Cellulare di Ahmed ritrovato a Torre vicino al Brenta, scattate le ricerche con i pompieri

Sono scattate questa mattina le ricerche da parte della Polizia e dei Vigili del Fuoco a Torre e lungo il fiume Brenta di Ahmed Jouider. Il suo cellulare è stato ritrovato, abbandonato, nei pressi del ponte pedonale che collega il quartiere di Torre a Cadoneghe.
Lo scorso giovedì è uscito dalla sua casa, a Mortise, poco prima delle 22. Ha salutato mamma e sorella, ha inforcato la bici vecchi bici rossa che era solito usare ed ha fatto perdere le sue tracce poco prima della mezzanotte quando ha spento il telefono: da quel momento tutti cercano il 15enne, nato a Padova da una famiglia di origini marocchine.
IL MESSAGGIO ALL’EX FIDANZATA
Quanto inquieta la sua famiglia è il messaggio inviato su WhatsApp all’ex fidanzatina prima di sparire: “Ora devo uscire. Ho delle questioni in sospeso con alcune persone. So che morirò, penso di sì. Oppure se non muoio avrò delle ferite, gravi. Ma penso che morirò”. Il ragazzo aveva chiesto all’ex fidanzata di “non far sentire a nessuno” il suo audio, spiegando che c’erano delle cose non risolte a cui doveva porre rimedio. O quantomeno provare ad affrontarle. Una circostanza ancora poco chiara, secondo gli investigatori: una situazione reale, e realmente pericolosa, o la necessità di attirare l’attenzione proprio dell’ex fidanzata?
L’APPELLO
“Torna Ahmed, ti prego, ti imploro, stiamo tutti male. Ti aspettiamo, ti prego fatti sentire” è l’appello che l’ex fidanzata avrebbe inviato al suo coetaneo. A riportarlo è il ‘mattino di Padova’ che spiega che la giovane è disperata. Il telefono di Ahmed Jouider risulta spento dalla mezzanotte del 22 aprile. La giovane al quotidiano racconta ancora: “Non so cosa pensare perché non ha fatto intendere di aver bisogno di aiuto, né di avere paura. Ha detto tutto in maniera tranquilla. Siamo rimasti in buoni rapporti, se era per attirare la mia attenzione dopo qualche ora sarebbe tornato, non avrebbe fatto durare tutto così a lungo. Questa cosa fa stare male me quanto tutta la sua famiglia e le persone che gli vogliono bene, non credo arriverebbe a tanto”.
L’ATTEGGIAMENTO
L’ex fidanzata, gli amici e la famiglia hanno riferito di non essersi mai accorti di atteggiamenti particolari da parte del ragazzo e che il gesto è stato totalmente inaspettato. Frequente l’Istituto Bernardi e non ha problemi. Con gli amici era solito trovarsi spesso davanti alla chiesa del Cristo Ristorto. L’ultima cella che ha agganciato il telefono del 15enne è in zona Torre. Sul fatto indaga la Polizia.

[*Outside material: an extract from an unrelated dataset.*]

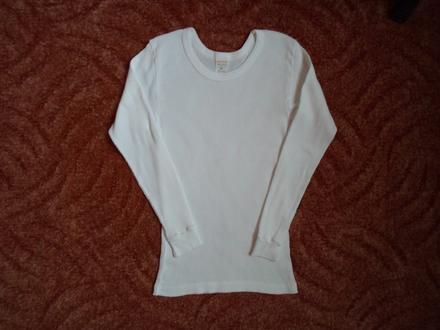 Bílé tričko triko dlouhý rukáv, evona,128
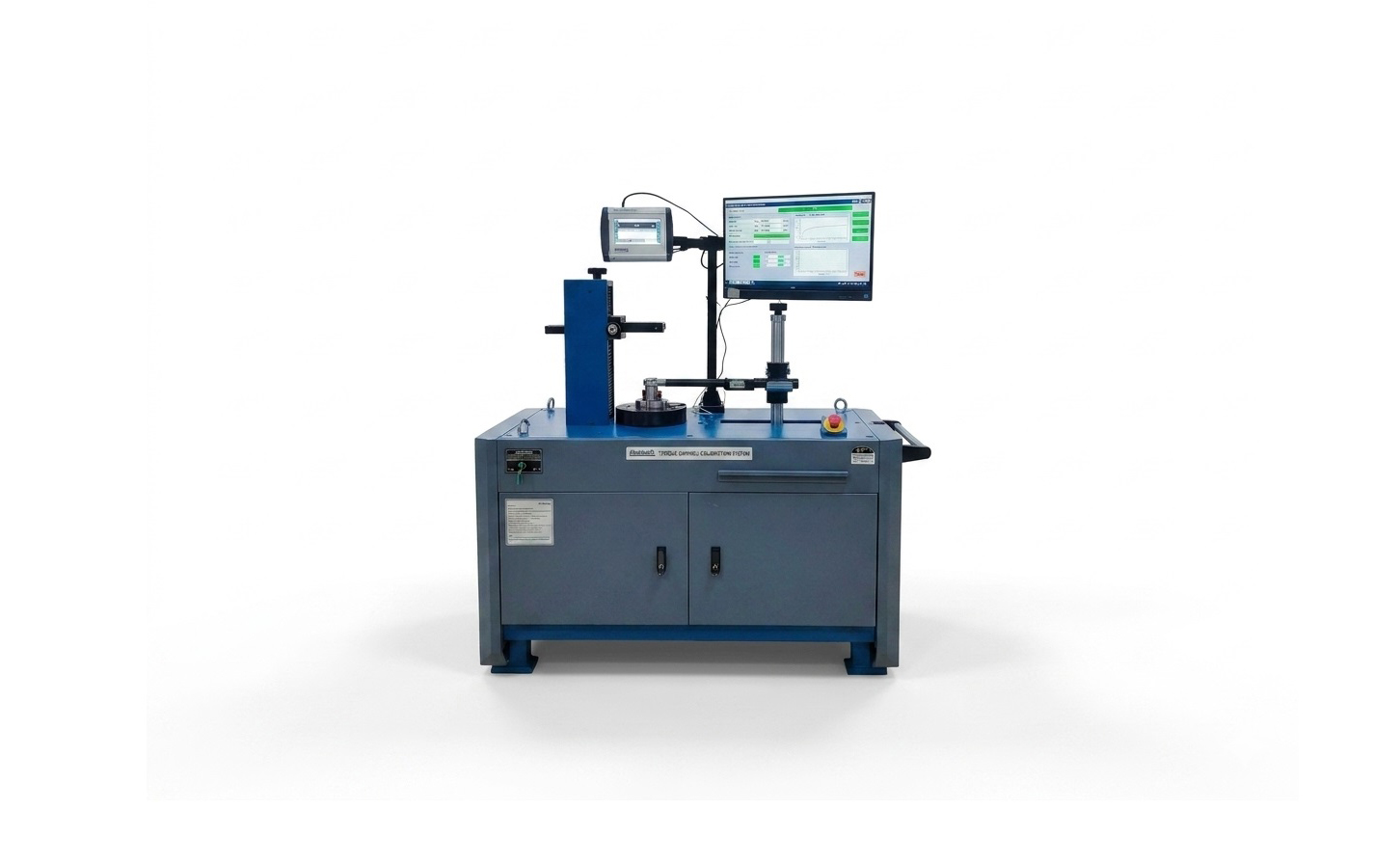 Motorized Torque Wrench Calibrator - horizontal calibration bench with dual monitors for torsion beam and spring type torque wrenches by Neometrix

IL MESSAGGIO ALL’AMICO IN FRANCIA
Ahmed prima di sparire nel nulla ha inviato un messaggio anche al suo migliore amico che vive in Francia: “Ti voglio bene”. Poche parole, ricche di significato.
Insieme a lui anche gli amici del quartiere non sanno spiegarsi cosa possa essere successo.